# Four Female Rats Northern VA



## Adalii (Aug 18, 2012)

Due to some sad circumstances I am forced to rehome my four female rats, I love them to pieces and I want them to go to the best home possible.
Basic information:

Lillianne-Blue variegate-2 in July
She's a sweet little girl who is just starting to show her age. She's a little shy when you first pick her up, but once you do she's perfectly fine.

Khyra-Black capped headspot-1 Novemberish
This girl is insane! She's the craziest female I've ever met, and she's lovely. When she runs off to play she always comes back and 'checks up' on you...love her.
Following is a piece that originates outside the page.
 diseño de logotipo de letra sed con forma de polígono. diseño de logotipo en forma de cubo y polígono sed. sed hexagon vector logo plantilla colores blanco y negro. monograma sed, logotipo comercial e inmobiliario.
Adeline-fawn self 7 months
People shy but very outgoing. Pretty girl.

Eden-PEW 5 months
Shiest girl I own. She is a little hard to catch but I think with more one on one time she'll be okay. 
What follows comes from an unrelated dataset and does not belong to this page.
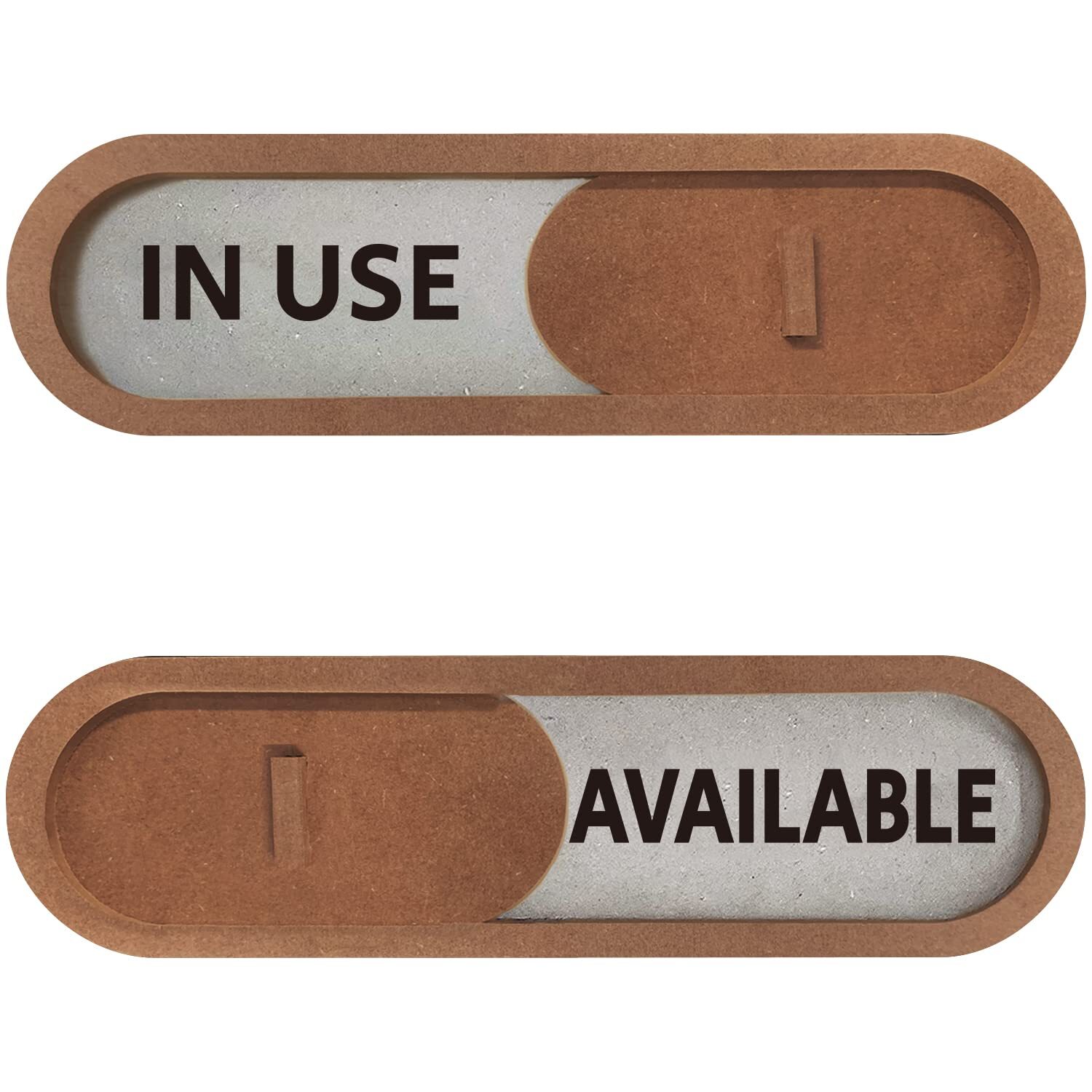 In Use Available Privacy Slider Sign Brown Premium MDF Wood 7.5×2.2&Prime;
Adeline and Eden have not been living in the big cage fulltime, however all four girls can live together as they play together daily. (Adeline can fit through cage bars xD)
Cage will come with the big girls, as well as water bottles and food dishes. Younger girls would need a better cage (they've been in a tank with a tank topper that's fallin apart)

Please message me or post here if you may take them ;( I really want them to find a good home as I just feel very sad about needing to rehome them. ;_;
Or you can text me at 571 271 7891


----------



## Adalii (Aug 18, 2012)

I still have the younger two girls available.


----------



## Mojojuju (Nov 15, 2014)

Are you close to Bentonville by any chance?


----------